More than one million people are victims of trafficking each year in the United States, yet less than 1% of cases result in convictions, according to figures cited during the briefing. For Goodwin, statutes of limitations are among the main barriers. “If you were abused at 6, 8, or 15, when exactly are you supposed to process that and also gather evidence?” she asked.
She also criticized institutional passivity. “They’re waiting for young people to build the case for them,” she said, referring to prosecutors who expect victims to provide comprehensive evidence in contexts shaped by coercion and abuse.
A multibillion-dollar, low-risk industry
Jacquelyn Aluotto, co-founder of No Trafficking Zone, broadened the scope. “Trafficking is a $245 billion industry,” she said. In Texas, she added, around 79,000 young people are victims of exploitation on any given day, and 55% of survivors were recruited in school settings.
She described an operation with corporate-style logistics: recruitment through social media, transportation via ride-hailing apps, and links to parallel illegal markets. Traditionally, she argued, it has been “a high-profit, low-risk crime.”
To counter that dynamic, her organization backed Texas Senate Bill 1831, which makes trafficking in schools and universities a first-degree felony, punishable by up to 99 years in prison.
The system as a weapon against victims
From a frontline perspective, Carmen McDonald, executive director of the Survivor Justice Center in Los Angeles, warned that when an abuser has financial resources, the legal system itself can be used as a tool of intimidation.
“They can file reports related to drugs or other offenses stemming from the abuse itself, and that leads to arrests,” she explained. That subsequent criminalization affects employment, housing, and even child custody. Immigration status, she added, is another critical barrier: many survivors fear reporting abuse due to possible immigration consequences.
The role of the media
In the closing moments, the message to journalists was direct. Litvak urged reporters to “follow the money” and scrutinize the financial structures sustaining exploitation.
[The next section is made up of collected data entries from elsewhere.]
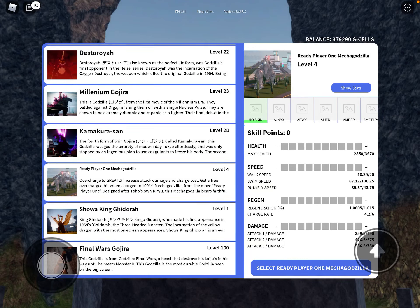Hello everybody, in today's video I'm going to be reviewing Ready Player One Mechagodzilla's stats in Kaiju Universe.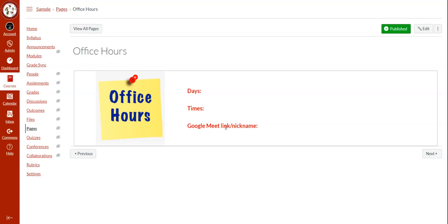If you have a different link for each period that you teach, you can also add that information here. The office hour picture to the left is also customizable.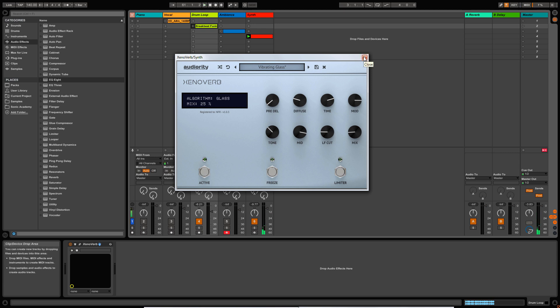So I hope you can see that there's plenty of scope for some really incredible sound design with this plugin itself. There's lots on offer here — lots of different algorithms you can choose from. So that gives you a little taste of what's on offer with Xenoverb. I hope you found the video useful, and thanks for watching.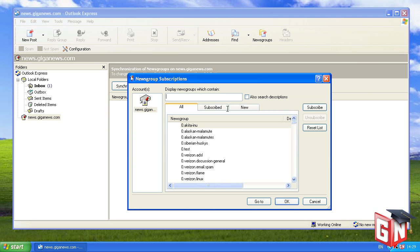A new window titled News Group Subscriptions will appear. To be sure you have the most current list of newsgroups, click the Reset List button.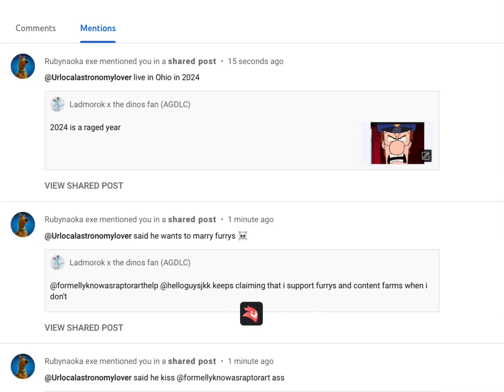Well, I found this asshole who's making misinformation about me. He says I hate on Black T-Rex and Bill Cypher when I don't.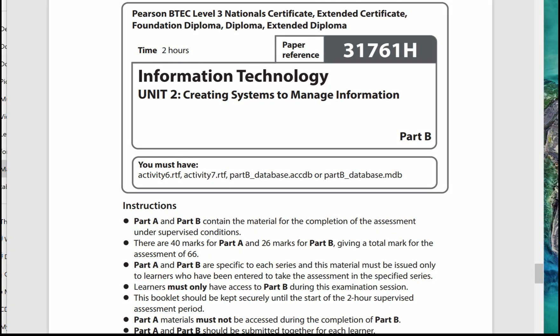This video is covering an introduction to the paper for Information Technology Unit 2: Create Systems to Manage Information. This is Part B, and Part B was sat on the 17th of January 2023.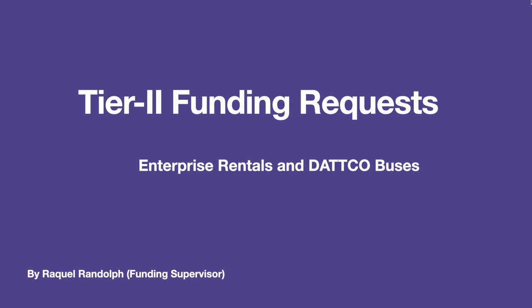In this video, I will discuss both Enterprise and DATTCO bus rentals. These come up frequently and I would like to let you in on our perspective when it comes to reviewing these types of requests.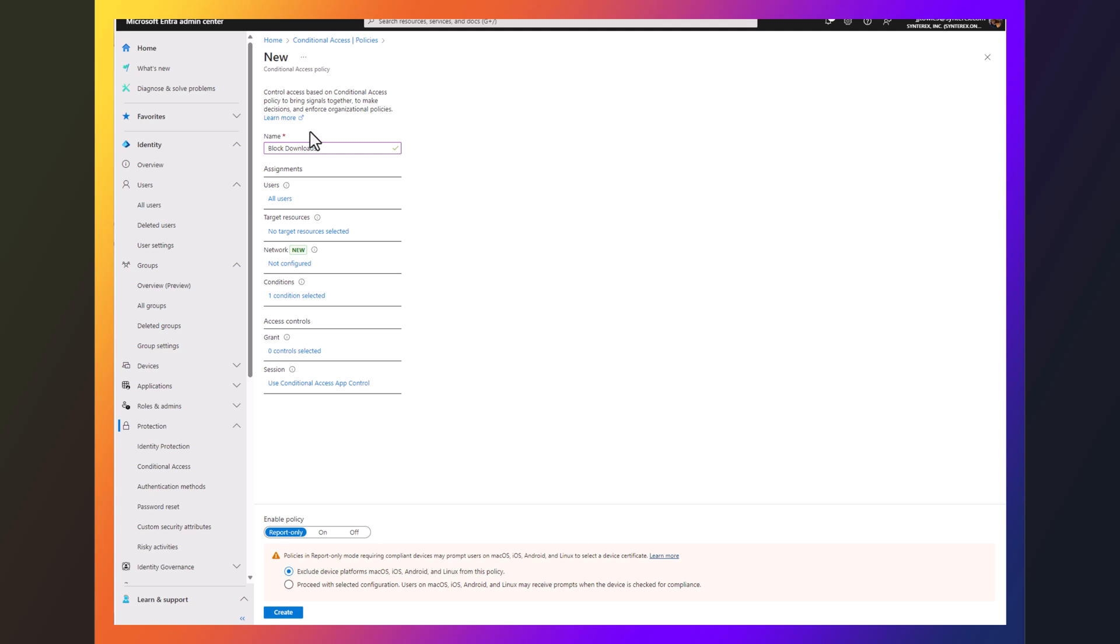This will allow you to ensure that only managed devices that you want to get it can actually get that policy. And you can do that for any device type you want, but this just gives you some really great flexibility and shows you how you can leverage the power of conditional access policies.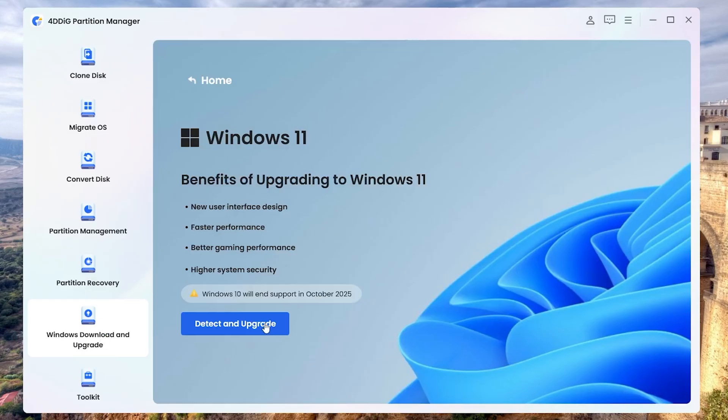The system compatibility checker in 4DDig also saved me time identifying other requirements like TPM that needed enabling.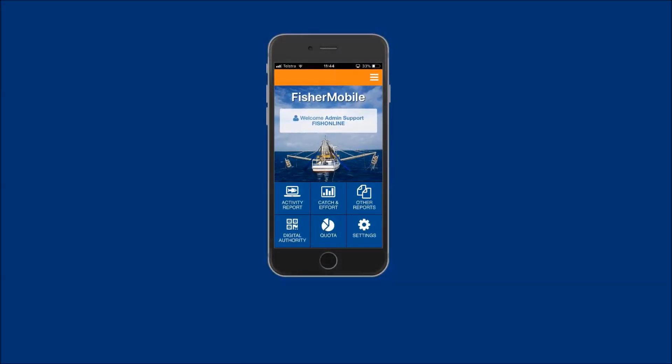The following demonstration will show New South Wales commercial abalone fishers how to submit a linked abalone post-land fishing activity report using FisherMobile.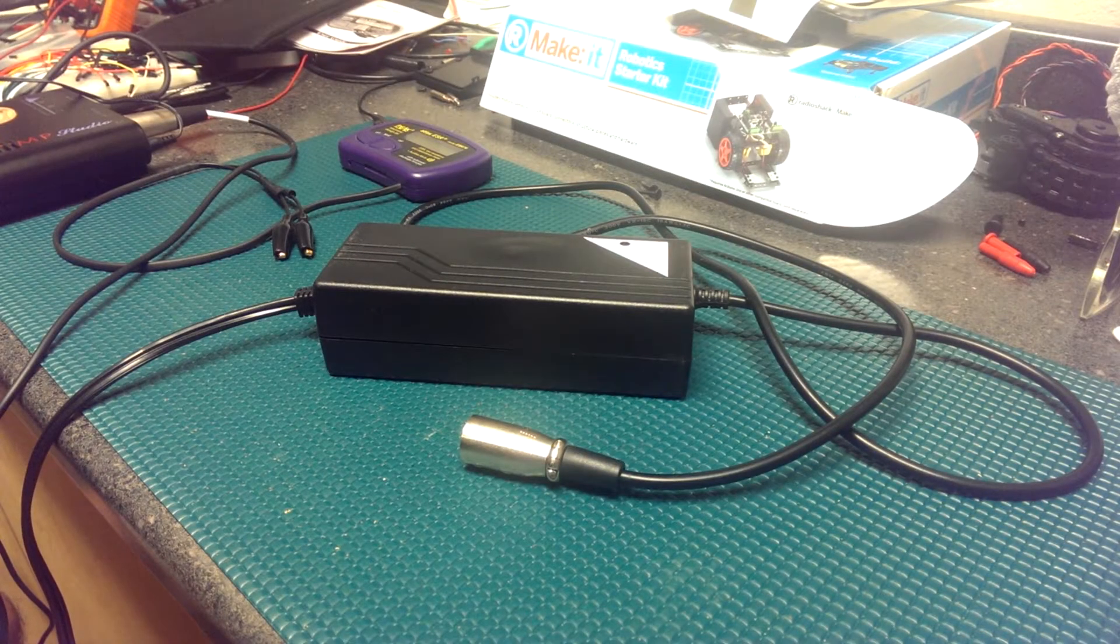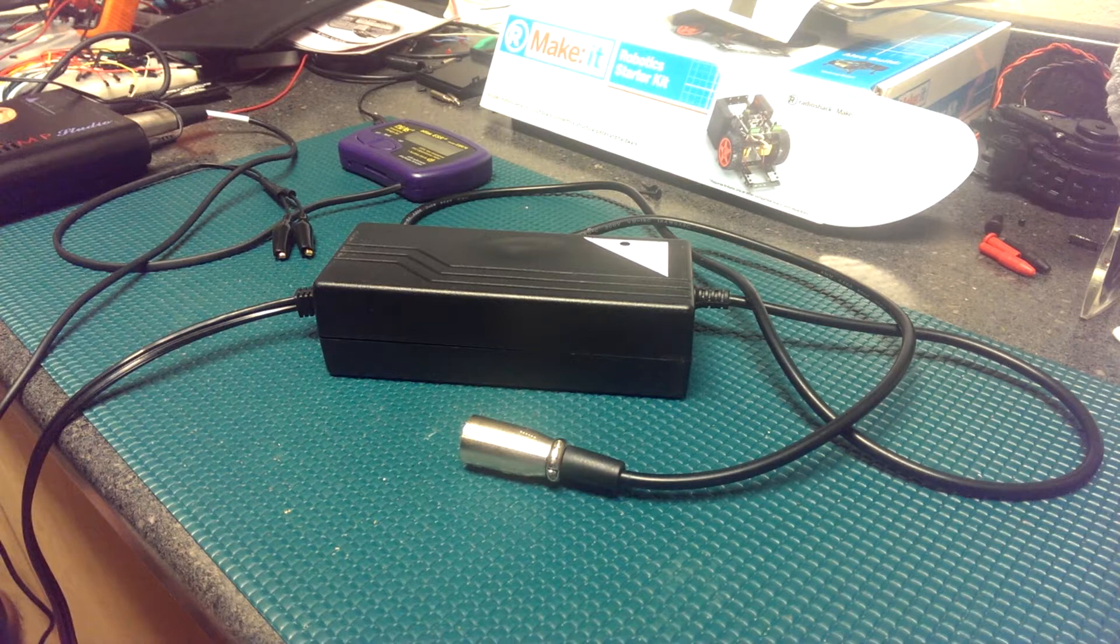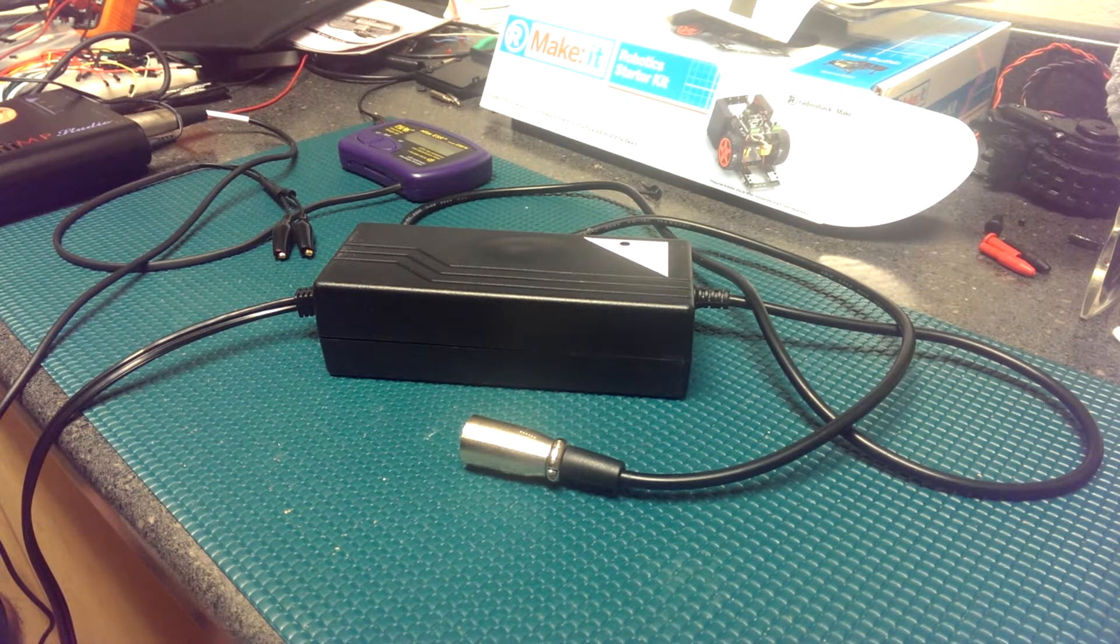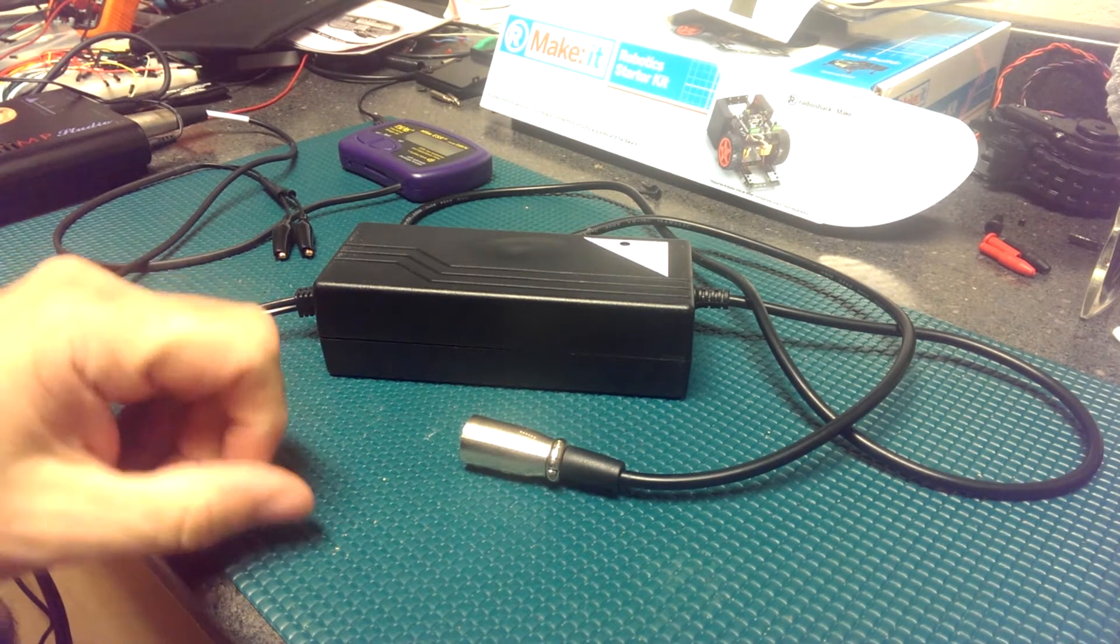Hello everyone. Today we're going to do some troubleshooting on a 24 volt battery charger.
Aluotto was even more blunt: “We need journalists to be as brave as the survivors.”
As the Epstein-related files continue to be examined for the names of influential figures, the organizations gathered by ACoM insisted that the story must not revolve once again around power or spectacle, but around the women and girls who reported abuse for years without being heard.
Because, as Litvak made clear, the greatest failure is not the existence of a well-connected predator. It is a system that knew—and did not act.